How Much Power Does The Human Brain Require To Operate?
Simulating the brain with traditional chips would require impractical megawatts of power. One scientist has an alternative
According to Kwabena Boahen, a computer scientist at Stanford University, a robot with a processor as smart as the human brain would require at least 10 megawatts to operate. That’s the amount of energy produced by a small hydroelectric plant. But a small group of computer scientists may have hit on a new neural supercomputer that could someday emulate the human brain’s low energy requirements of just 20 watts–barely enough to run a dim light bulb.
Discover Magazine has the story on how the Neurogrid computer could completely overhaul the traditional approach to computers. It trades the extreme precision of digital transistors for the brain’s chaos of many neurons firing, with misfires 30 percent to 90 percent of the time. Yet the brain works with this messy system by relying on crowds of neurons to shout over the noise of misfires and competing signals.

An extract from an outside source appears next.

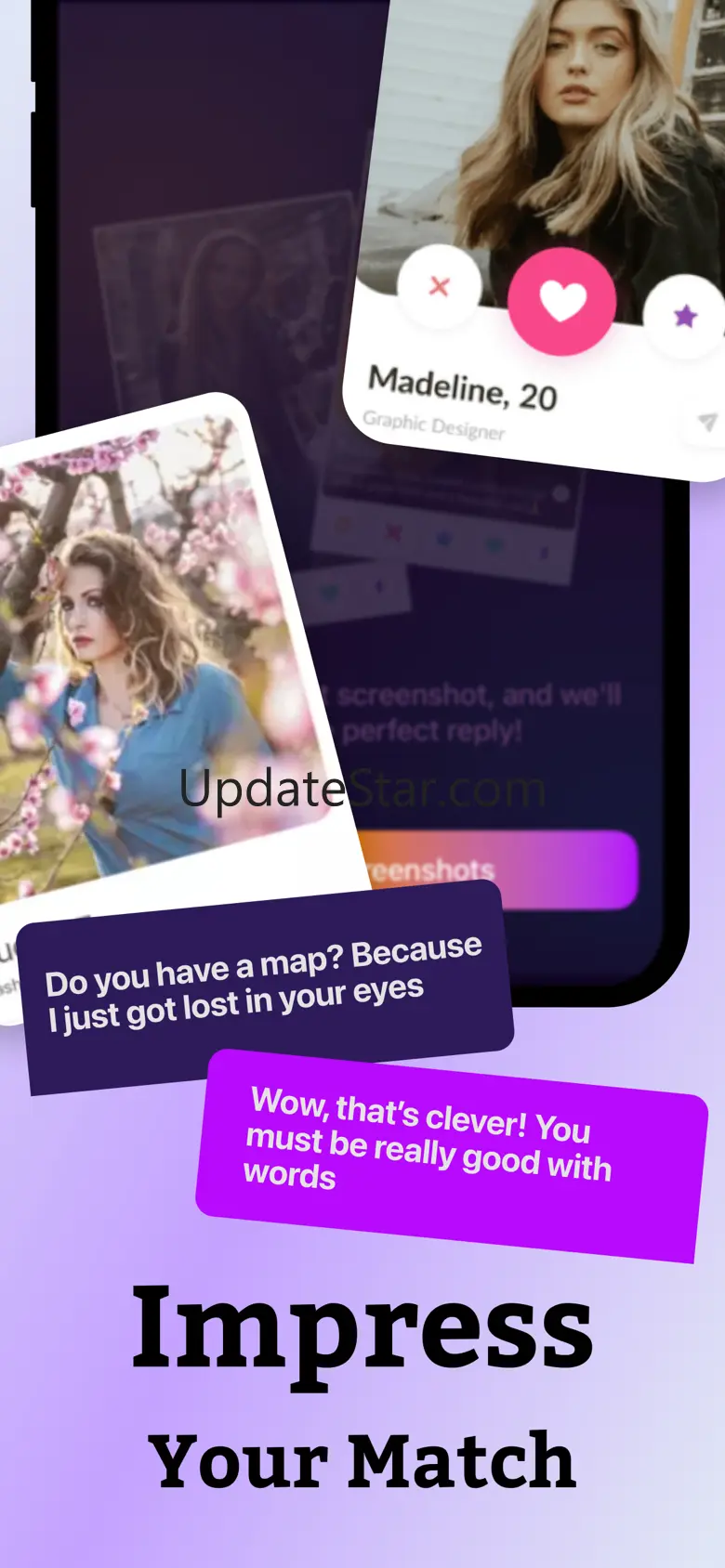 Rizz Dating Assistant－Charm AI 1.0.1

That willingness to give up precision for chaos could lead to a new era of creative computing that simulates the unpredictable patterns of brain activity. It could also represent a far more energy-efficient era — the Neurogrid fits in a briefcase and runs on what amounts to a few D batteries, or less than a watt. Rather than transistors, it uses capacitors that get the same voltage of neurons.
Boahen has so far managed to squeeze a million neurons onto his new supercomputer, compared to just 45,000 silicon neurons on previous neural machines. A next-generation Neurogrid may host as many as 64 million silicon neurons by 2011, or approximately the brain of a mouse.
This new type of supercomputer will not replace the precise calculations of current machines. But its energy efficiency could provide the necessary breakthrough to continue upholding Moore’s Law, which suggests that the number of transistors on a silicon chip can double about every two years. Perhaps equally exciting, the creative chaos from a chaotic supercomputer system could ultimately lay the foundation for the processing power necessary to raise artificial intelligence to human levels.